Yazarlar Olur mu öyle şey?

Olur mu öyle şey?

25.12.1997 - 00:00 | Son Güncellenme:

Olur mu öyle şey?

Olur mu öyle şey

Ali SİRMEN

HABERİ okuyunca, önce gözlerime inanamadım.
Türkiye - ABD - İsrail'in, 5 Ocak'ta başlayacak ortak deniz tatbikatı ile ilgili olarak Washington Post gazetesinde çıkan haber öylesine inanılacak cinsten değil.
Habere bakılırsa, İsrail'in Ankara Büyükelçiliği'nde görev yapan Nissan Amdor, ülkesiyle Ankara arasındaki stratejik işbirliği anlaşmasını yorumlarken şunları söylemiş:
"Bilmem farkında mısınız ama, Türkler Araplardan gerçekten nefret eder"
Haber gerçekten inanılması güç. Çünkü ifade bir diplomata yakışmıyor. Kaldı ki, bir ulusun başkaları hakkındaki duygularını dile getirmek herhalde yabancılara düşen bir görev değil.
Kimi zaman Batılı meslektaşlarımızın da, gazetecilik kurallarını sansasyona kurban ettiği durumlardan biri ile mi, yoksa Türkler ile Arap ülkelerinin arasını daha fazla açmak için yapılmış diplomasi ve terbiye kurallarına uymayan bir girişim ile mi karşı karşıyayız acaba?
Her neyse.

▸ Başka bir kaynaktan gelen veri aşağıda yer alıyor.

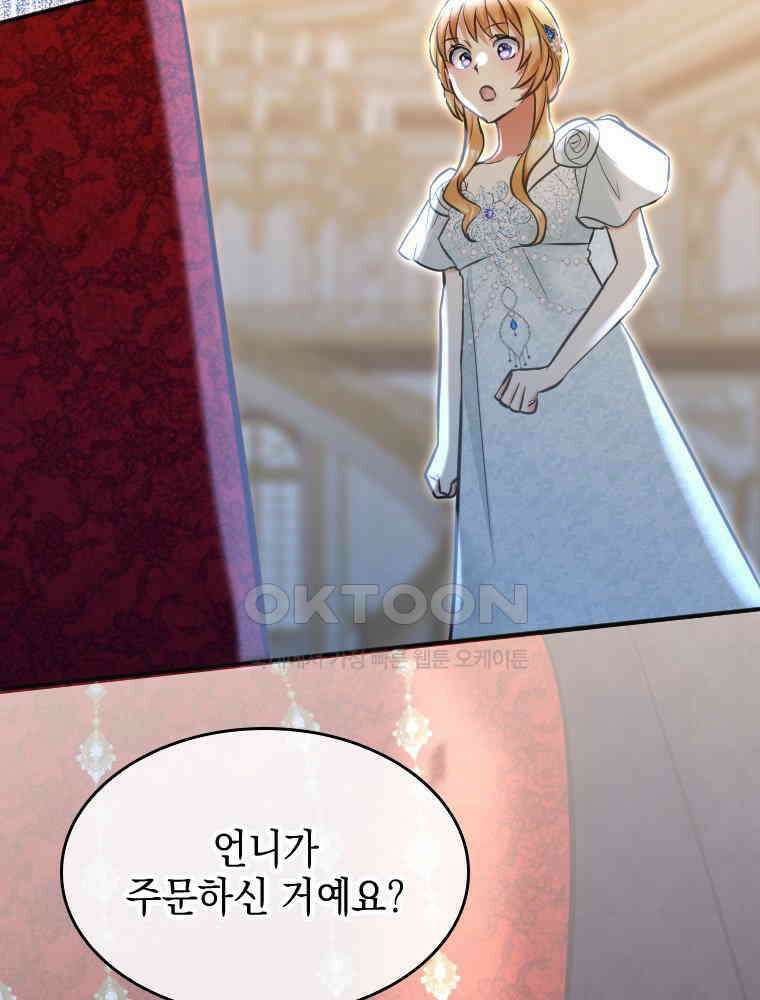 악녀는 다시 시작한다 021 52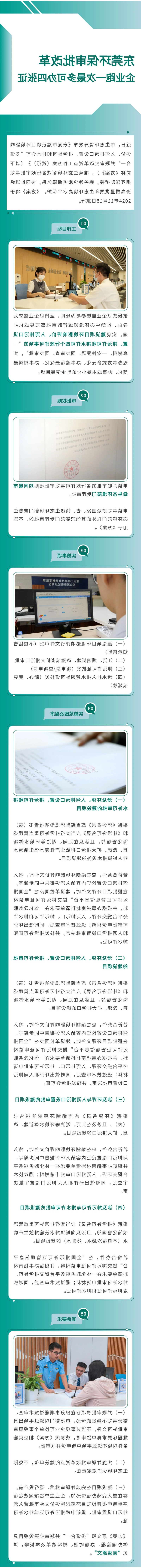 微信图片_20241016173127.jpg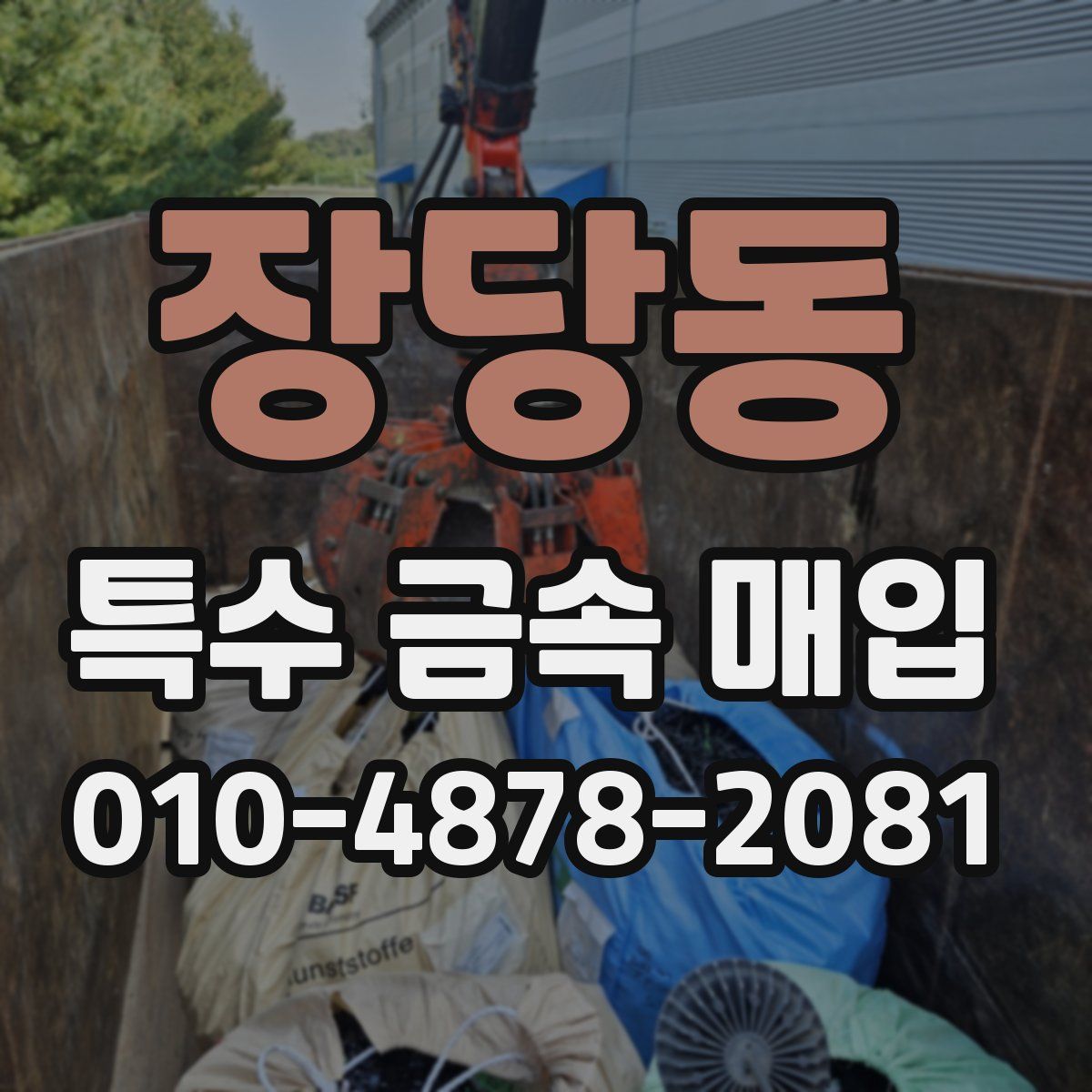 장당동 특수 금속 매입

Ama önce bir noktayı vurgulayarak konuya girmekte yarar var:
Türk ulus bilinci ve dış politikası kimseden nefret üzerine kurulmamıştır ve Türkler Araplardan nefret etmezler.
Dahası Araplar ile Türkler arasında, ortak bir tarihi ve kültürel geçmiş söz konusudur. Bugün, devletlerarası politikalarda içinde bulunulan yanlışlar ne olursa olsun, biz bu ortak geçmişimizi ve kültürel yakınlığımızı hiçbir zaman unutamayız ve ilerde bu öğelerin, gerçekten zorunlu olan dostluk ilişkilerimizi pekiştirmede hepimize yardımcı olacağına da inanmaktayız.
Şimdi kimi Arap dostlarımın, "pekiyi de, o zaman bu İsrail ile imzalanan stratejik işbirliği anlaşması ne oluyor?" sorusunu duyar gibi oluyorum.
Bu soruyu soranlar öncelikle bazı gerçekleri görürlerse, olayları daha sağlıklı değerlendirme olanağına kavuşabilirler.
Türkiye'nin komşularına şöyle bir bakalım. Suriye, PKK terörünü en çok besleyen üç ülkeden biri. Diğer ikisi de Yunanistan ile İran. Bu gerçeği herkes biliyor.
Irak'taki iktidar boşluğu, Türkiye'yi tehdit eden en büyük etkenlerden biri.
Ne yazık ki, Fırat ve Dicle'nin suları konusunda İslam Birliği Konferansı, Ankara'nın haklı ve makul önerilerini bir yana iterek, Suriye'nin politikası yanında yer almış.
Bu durumda, Türkiye bölgedeki yalnızlığını gidermek, aynı zamanda kendi toprakları üzerinde terörü destekleyenlere karşı ortak istihbarat faaliyeti yapmak üzere, İsrail ile bir anlaşma imzalamışsa buna kim ne diyebilir?
Türkiye'yi bu işbirliği için kınayan Arap dostlarımız, Ankara'yı adım adım bu noktaya getirmekte olduklarını görmüyorlar mı?
Öte yandan, ülkemizdeki başka bir istikrarsızlık öğesinin de aynı kaynaklar tarafından desteklendiği hep bilinmiyor mu?
Bir gerçeği daha görmekte yarar var. İsrail'le bölgede ilk yakınlaşan, Mısır değil miydi?
O yakınlaşma sırasında, Türkiye ile İsrail arasındaki ilişkiler bugünkü düzeyinin de çok gerisinde bulunuyordu.
Ayrıca, her iki tarafı da tehdit eden, ortak tehlikelere karşı işbirliği yapmak başka bir şeydir, ortak hareket ettiğiniz ülkenin kimi politikalarındaki yanlışları görmek de başka bir şey.
Türkiye'de İsrail ile bu işbirliğini destekleyenler de, Filistin halkının ve de ulusunun haklı davasına arka çıkma gerekliliğini duymuyorlar, o gerçekleri görmüyorlar mı sanıyorsunuz?
Bütün bu gerçekleri vurguladıktan sonra, bir kez daha belirtmekte yarar var:
Türkler Araplar'dan nefret etmezler. Devletlerin politikalarındaki geçici çelişkiler ne olursa olsun ortak geçmişimizi ve kültür yakınlığımızı da hiçbir zaman unutmazlar.
Aksini söylemek abes ile iştigal olacaktır.